In a future post, I’m going to write about Test Driven Development, with the aim of writing a Freecell clone. In this post I’ll walk through setting up a dotnet core solution with a class library which will hold the Freecell rules engine, a class library for our unit tests and show to set up an environment for immediate feedback, which is one of the key benefits of TDD. I’ll also demonstrate using some basic git commands to setup our source control.
As you’ll notice from the command line output below, I’m doing all this on a Mac, but things should not be any different if you are following along on Linux. Or even Windows.
We need to new up two projects: one for our rules engine; one for the tests. It is a good idea to keep the unit tests separate from the code under test - in a real world application you really do not want test data to get mixed in with production code.
The command dotnet new console instructs the framework to create a new console application. The -o option allows an output directory to be specified and the -n allows the project name to be specified. If you don’t specify these options, the projet will be created in and named after the current folder. You can see more details on the command on Microsoft’s documentation.

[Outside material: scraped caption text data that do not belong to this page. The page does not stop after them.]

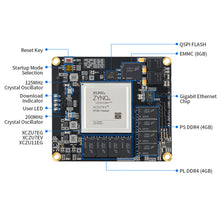 Load image into Gallery viewer, PUZHI PZ-ZU7EV-SOM: Xilinx Zynq UltraScale+ MPSoC XCZU7EV FPGA SOM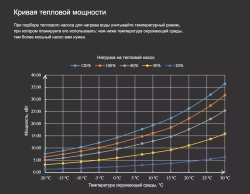 Тепловой насос для бассейна Fairland X20-32T инвертор (тепло/холод, 32 кВт)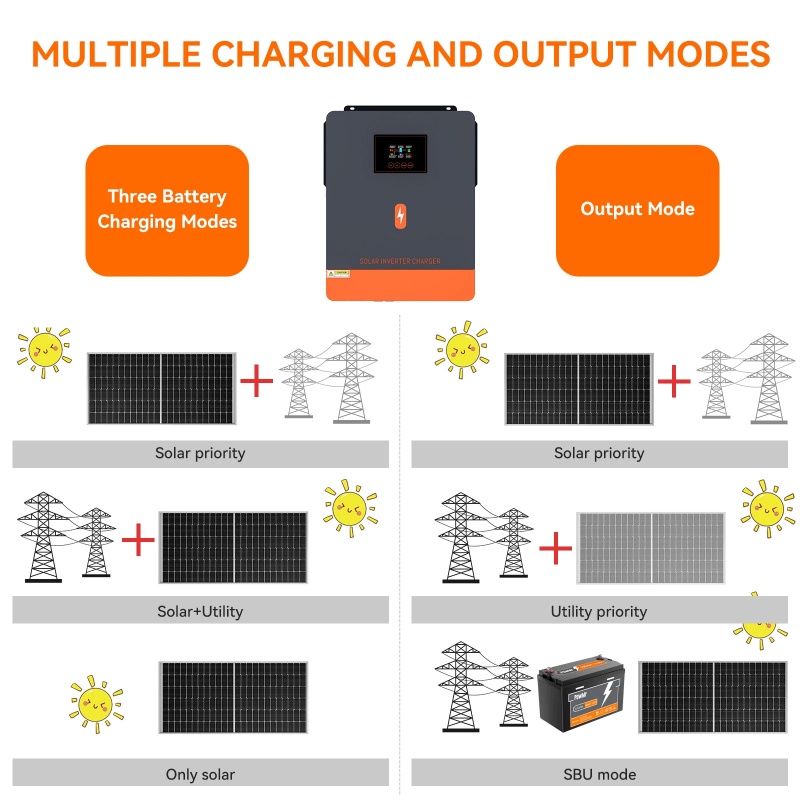 PowMr 4.2KW Off Grid Inverter  - огляд і ціна Drone Solar Charger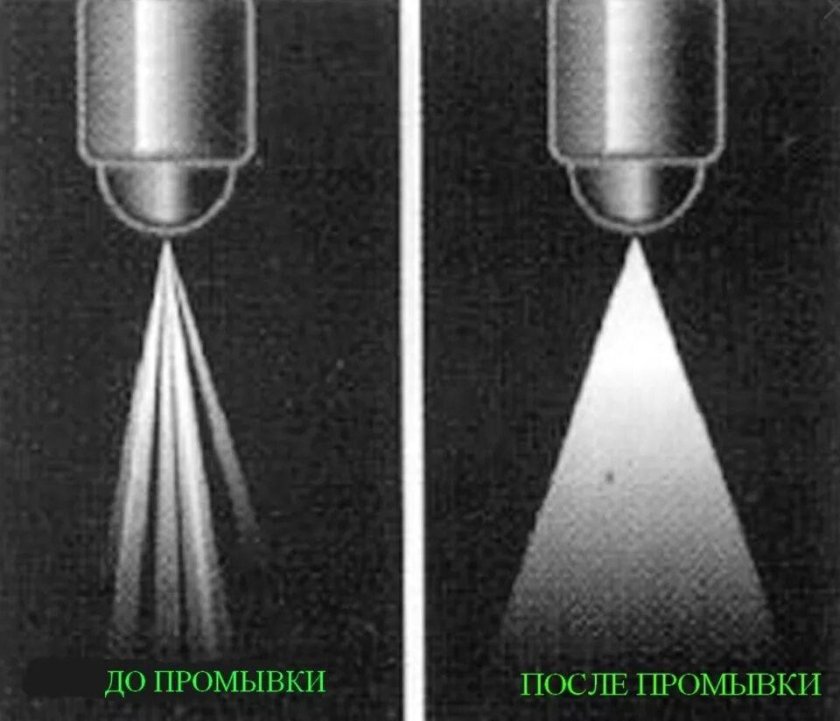 Факел распыла форсунки инжектора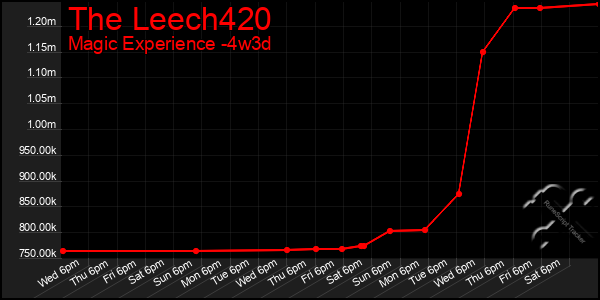 Last 31 Days Graph of The Leech420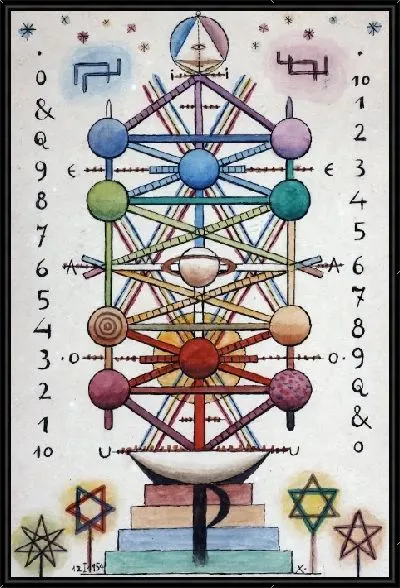 Картина Марс и Сатурн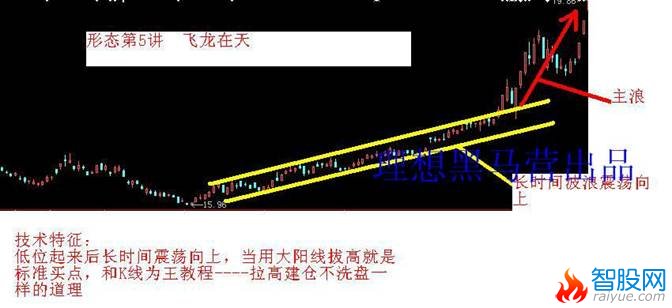 K线建仓手法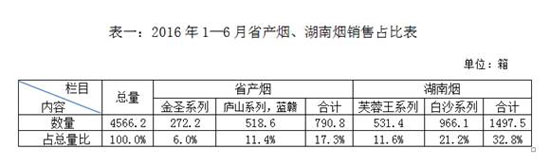 创新营销手段，提升金圣品牌社会影响力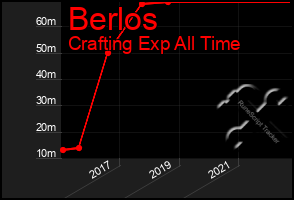 Total Graph of Berlos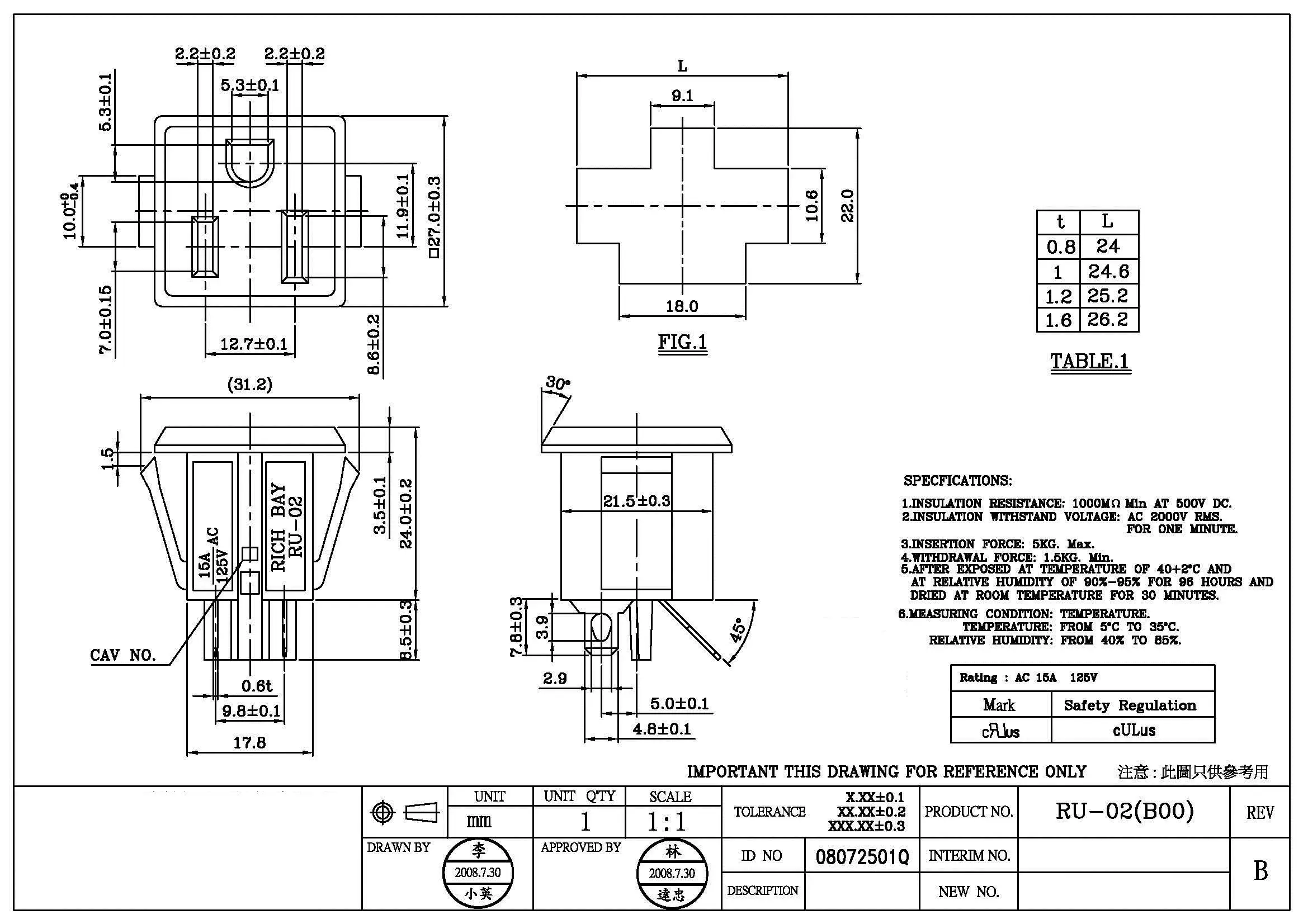 U.S. Receptacles 15A  3 Pins IEC Socket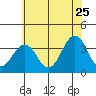 Lewes tide chart for Thursday, June 25, 2026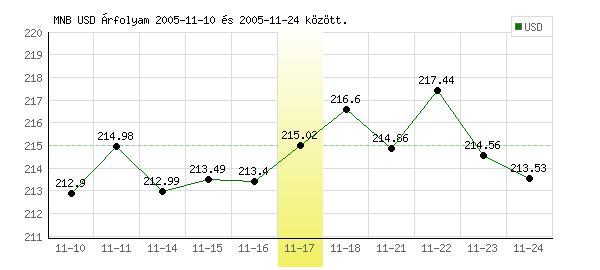 USA Dollár grafikon - 2005. 11. 17.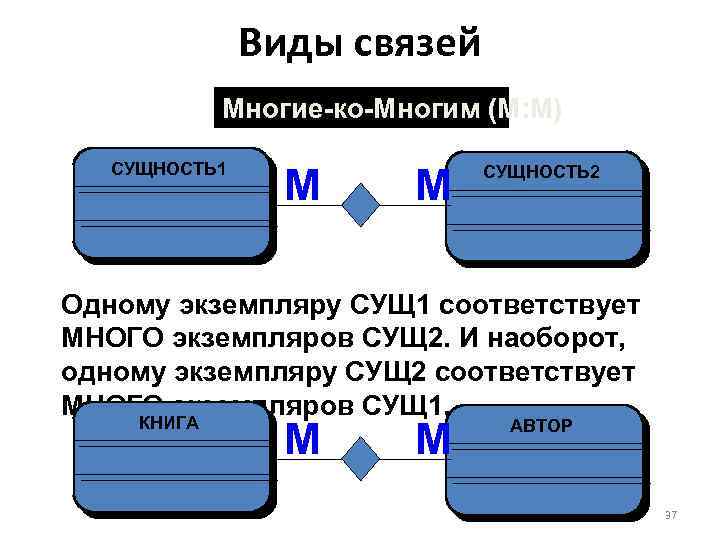 Виды связей Многие-ко-Многим (М: М) СУЩНОСТЬ 1 М М СУЩНОСТЬ 2 Одному экземпляру СУЩ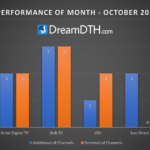 DTH-Performance-Report-for-October-2024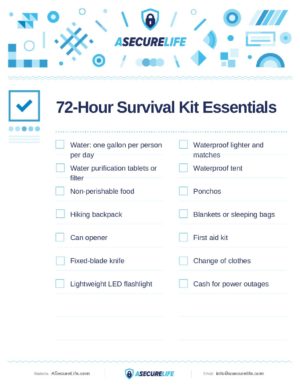 2020's Best 72-hour Survival Kit Checklist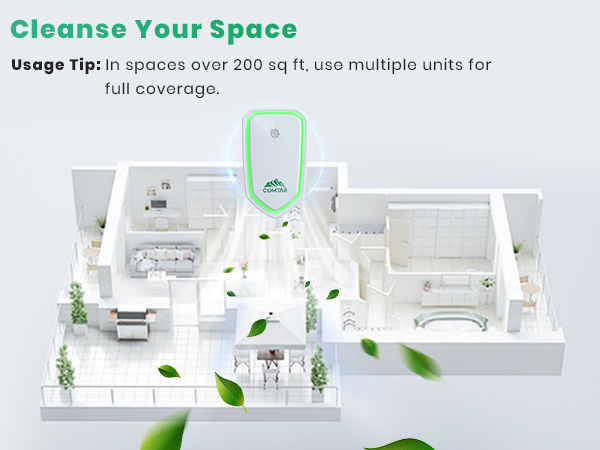 Air Ionizers for Home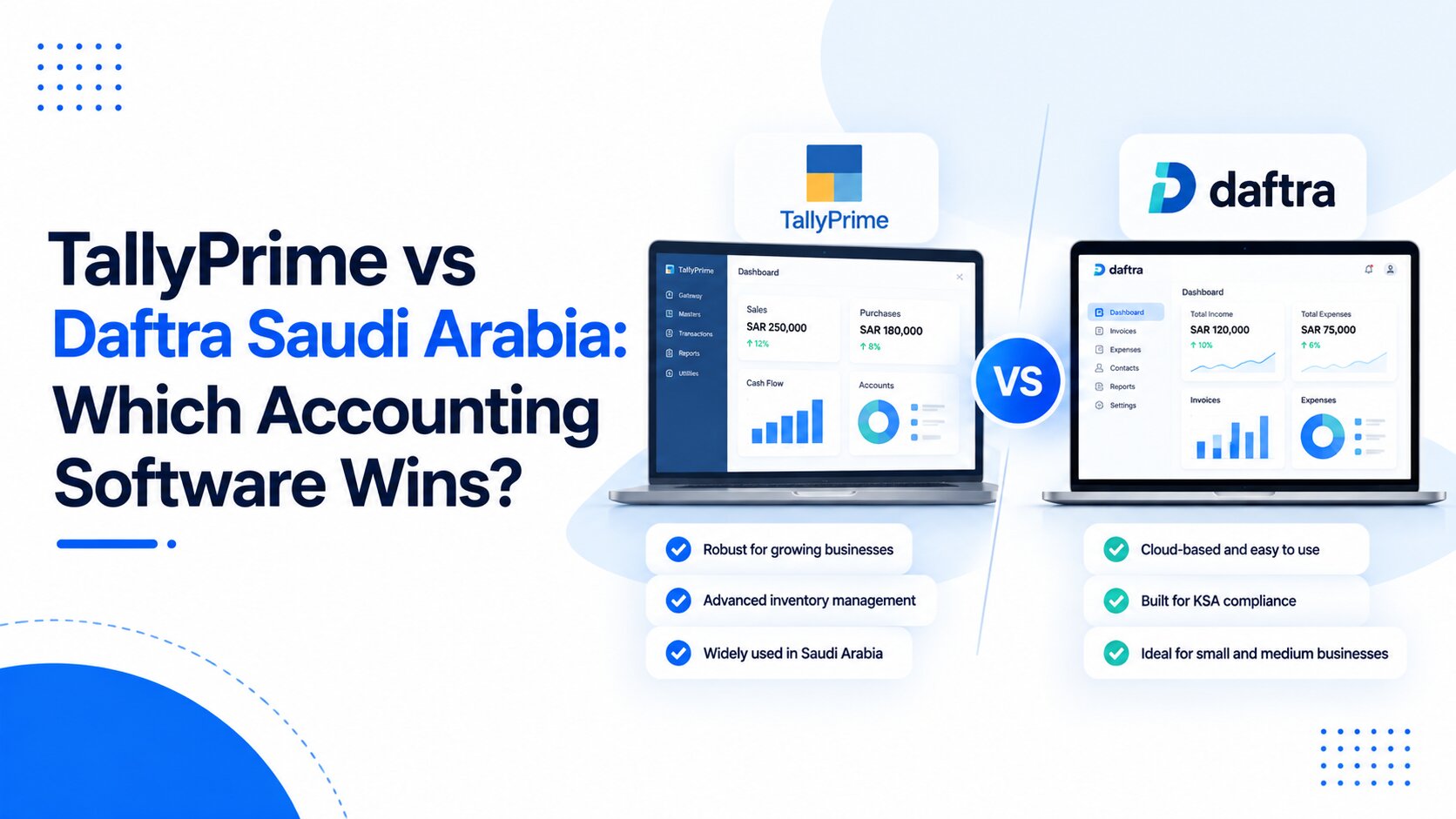 A detailed, feature-by-feature comparison of TallyPrime and Daftra for Saudi businesses: architecture, accounting depth, inventory, ZATCA compliance, and which one fits your business.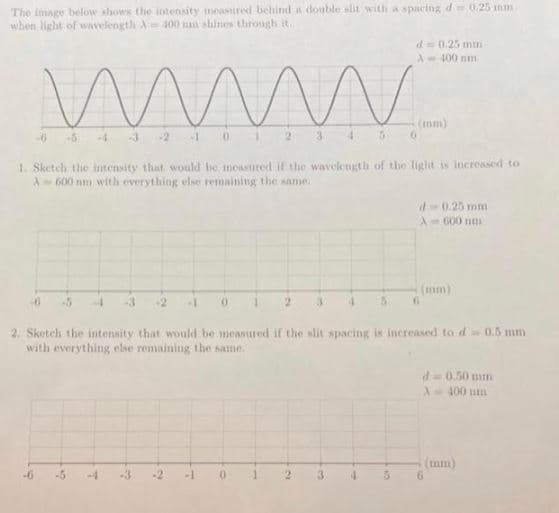 The image below shows the intensity measured behind a double slit with a spacing d= 0.25 mm
when light of wavelength A-400 nm shines through it.
www
0
-6
T
1. Sketch the intensity that would be measured if the wavelength of the light is increased to
A-600 nm with everything else remaining the same.
52
N
3 4
L
2. Sketch the intensity that would be measured if the slit spacing is increased to d= 0.5 mm
with everything else
remaining the same.
O
d = 0.25 mm
400 nm
A
6
3
d-0.25 mm
A-600 nm
6
d=0.50 mm
A=400 mm
(mm)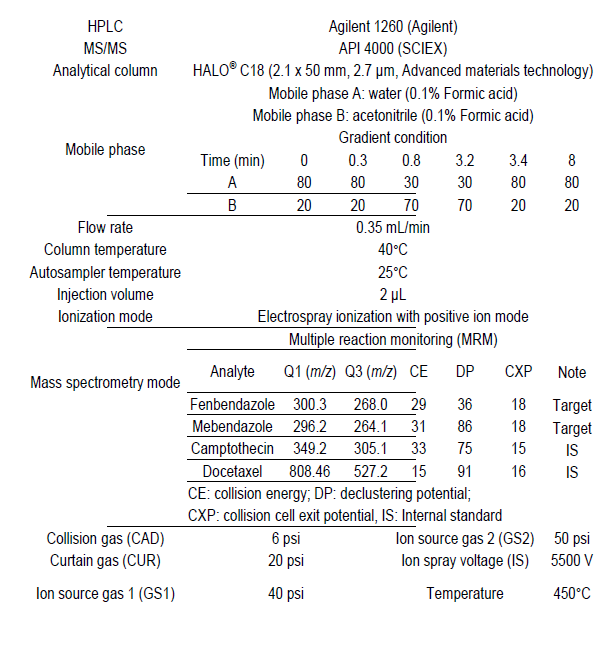 펜벤다졸 및 메벤다졸의 HPLC-MS/MS 분석법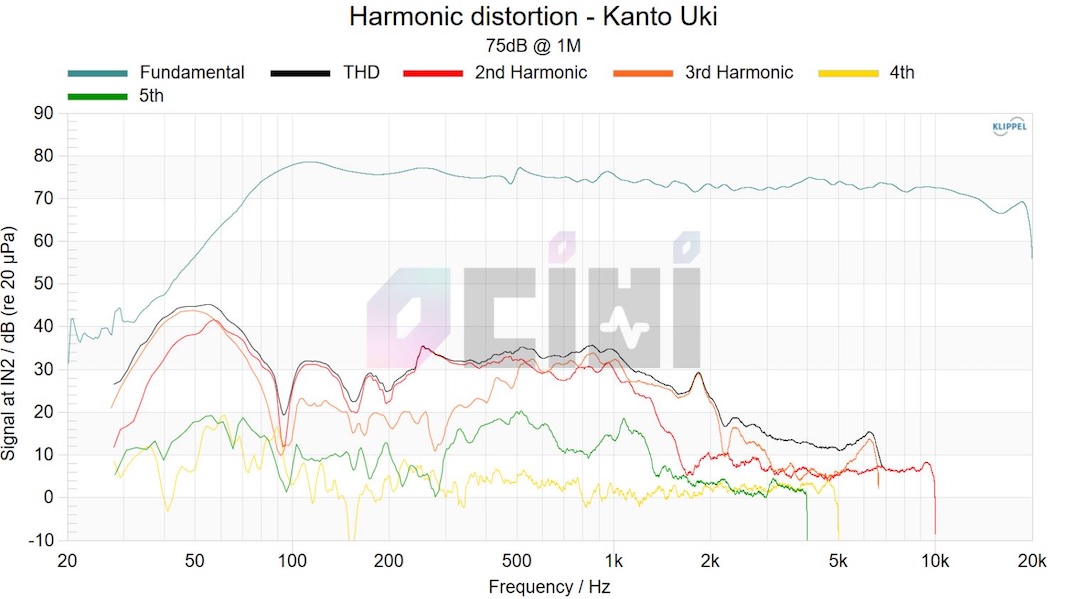 Distortion at 75 dB SPL — very decent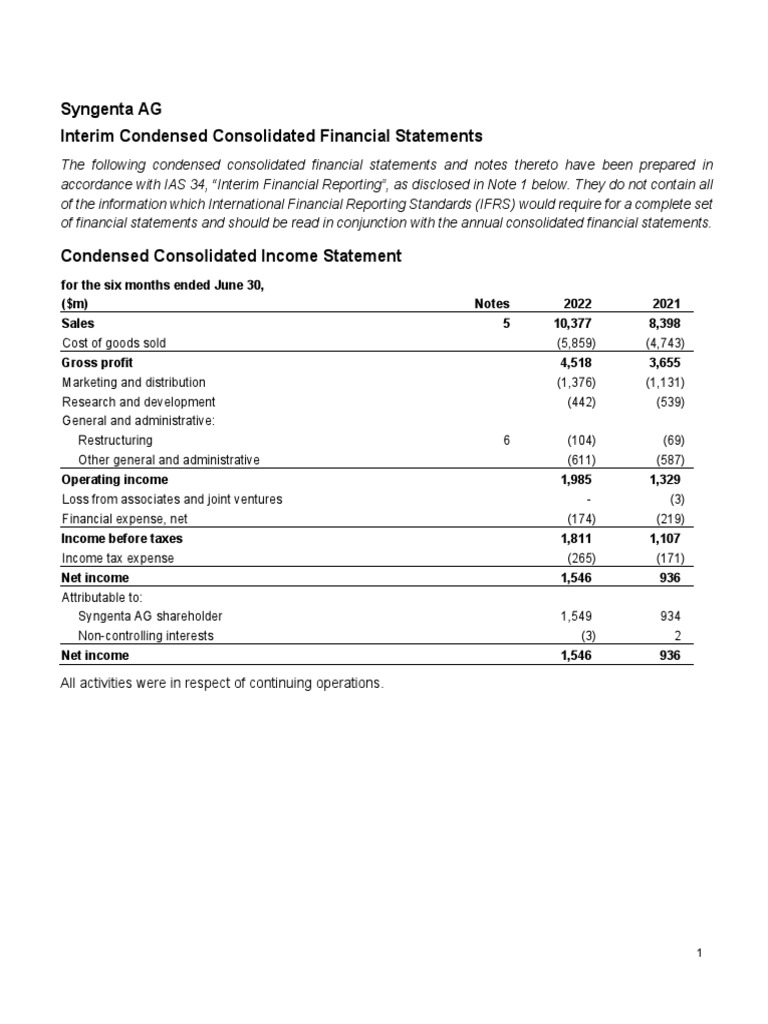 h12022syngentaagfinancialstatements PDF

Then create the second project to hold the unit tests. I like to use xUnit, and the dotnet framework team do too. It’s pretty telling that the dotnet framework team using xUnit instead of using MSTest - which was exactly the basis of my arguement when I moved a team from MSTest to xUnit last year.
We should also add a reference into our test project to the Freecell.Engine project, as it is that which contains the code we want to test.
With that all done, now is a good time to initialise a git repository to hold the code and make the first commit.
dotnet new sln
Although it doesn’t matter to me as I’m coding this on a Mac using Visual Studio Code, for everyone’s convenience, we should add a solution file. This will also help later on when it comes to talking about build scripts and using Continuous Integration, as it’s usually easier to target a single solution file for building all the projects.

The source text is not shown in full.